Luke just shoves that a-pawn right into my gizzard! I should now try to stay alive by playing my bishop to c5 but it doesn’t help in the long run.

31. ... Kh7

31. ... Bc5 32.Bxc5 Rxc5 33.Rb1 Rcc8 34.Rb7 Kg7 35.Ra6 Kg6 36.Rd6 and I have no way to keep the rooks off “7th street.” Sometimes rooks on the 7th rank are called “blind pigs” because they gobble up everything they touch!

32.Rb2 Kg6 33.Bb6 f6 34.Rd7 Bf8 35.Rb7 fxe5

35. ... Rcc8 36.Bc7 would make me resign.

36.Rb8 Rc8 37.Rxc8 Rxc8 38.Bc7 Ra8 39.Bb8 Bc5 40.Rb7

I made the time control but could see no way to keep the game going. The littlest warrior just walks his king over to the queenside and my rook is stuck on a8. He really did finish me off in style. 1-0

When the game was over, I again shook his hand of which six or seven would fit comfortably into mine. He was gracious as was his father who told me a little about Luke. For a nine year old he had a very long list of accomplishments in chess and other things. One of the most important is the fact that he has earned the right and has been selected to represent our country in the 10 and under competition for the World Youth Championships in Vietnam this fall.
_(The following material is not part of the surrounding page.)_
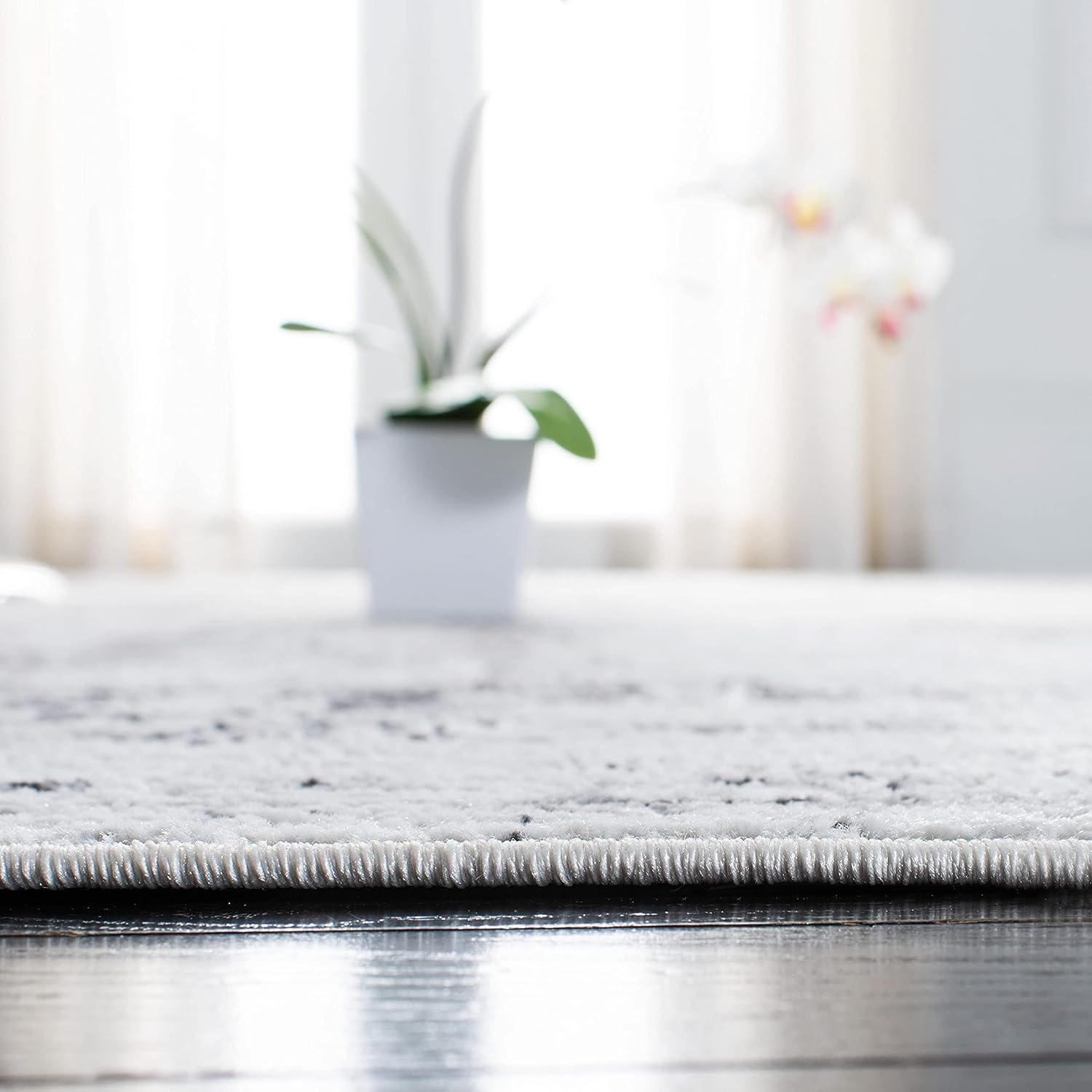 image:imageSAFAVIEH Amelia Collection Area Rug 8 x 10 Ivory amp Blue Modern Abstract Design NonShedding amp Easy Care Ideal for High Traffic Areas in Living Room Bedroom ALA700AIvoryGrey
In order to raise funds for Luke and his family, he has a very fine website: It covers his biography in chess as well as life.

In the last round Luke faced a real challenge, the well known FIDE master and great trainer (father of one of our best players, Hikaru Nakamura), Sunil Weeramantry. The boy wonder pulled a real major upset of Sunil to win the first place under 2100 prize at an adult national tournament! When I talked to Sunil later, he was full of praise for Luke and also the boys’ family. He predicted that Luke would be a grandmaster in the future. (During an informal chat with Luke, he told me that this indeed was his goal!)


Weeramantry, Sunil (2215)
Harmon-Vellotti, Luke (1859)

National Open, June 8, 2008

1.e4 e6 2.d4 d5 3.Nc3 Bb4 4.e5 c5 5.Bd2 Ne7 6.Nb5 Bxd2+ 7.Qxd2 0-0 8.c3 Nbc6 9.f4 f6 10.Nf3 Bd7 11.Nd6 Qb6 12.Rd1 cxd4 13.cxd4 Nc8 14.Nxc8 Raxc8 15.Bd3 Nb4 16.Bb1 f5 17.0-0 Rc7 18.Rc1 Rfc8 19.a3 Nc6 20.Rc3 Na5 21.Rfc1 Nb3 0-1

“Full many a flower was born to blush unseen and waste its sweetness on the desert air.” (Thomas Gray’s Elegy Written in a Country Churchyard.)
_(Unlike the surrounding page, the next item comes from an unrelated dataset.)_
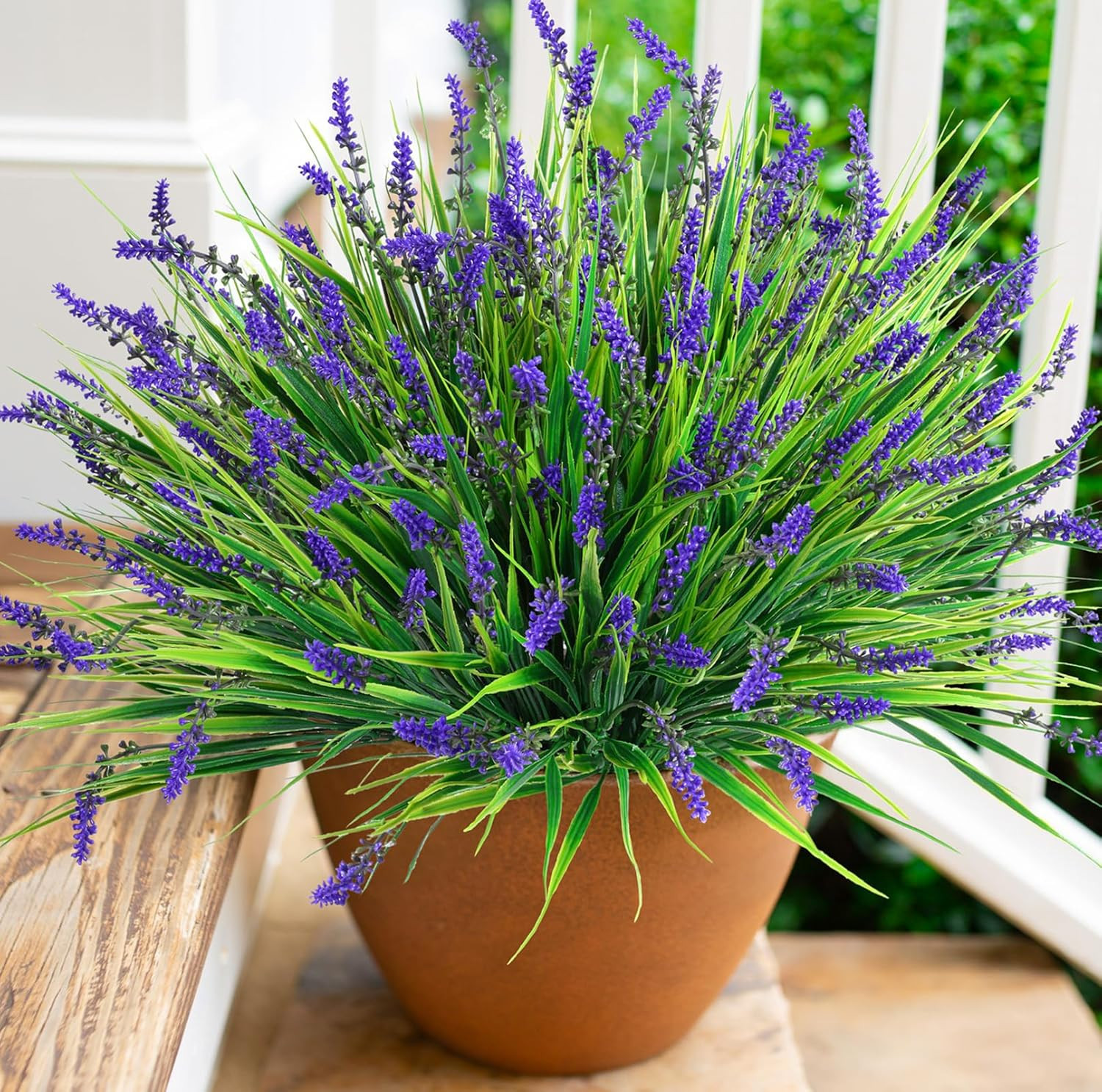 Artificial Fake Outdoor Plants Flowers for Decoration,10 Bundles 16.5" UV Resistant Plastic Tall ... | Amazon (US)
That bit of poetry says what could have happened to Luke were not his parents so determined to see that that he get national recognition for his wonderful chess talents. You see, Luke was born and lives in Boise, Idaho, not a great center of chess activity, though there are some very good clubs and some fine players in the potato state. Perhaps this even helped Luke get some recognition at home when he might have been lost in a big chess center. In any case, the little guy came out of the National Open with about a hundred point rating gain,  making him number three in Idaho after his last round game with Sunil.

We Americans should all get behind Luke Harmon-Vellotti in his attempt to bring home yet another world championship. I know you just beat me and beat me, but I really love you chess kids!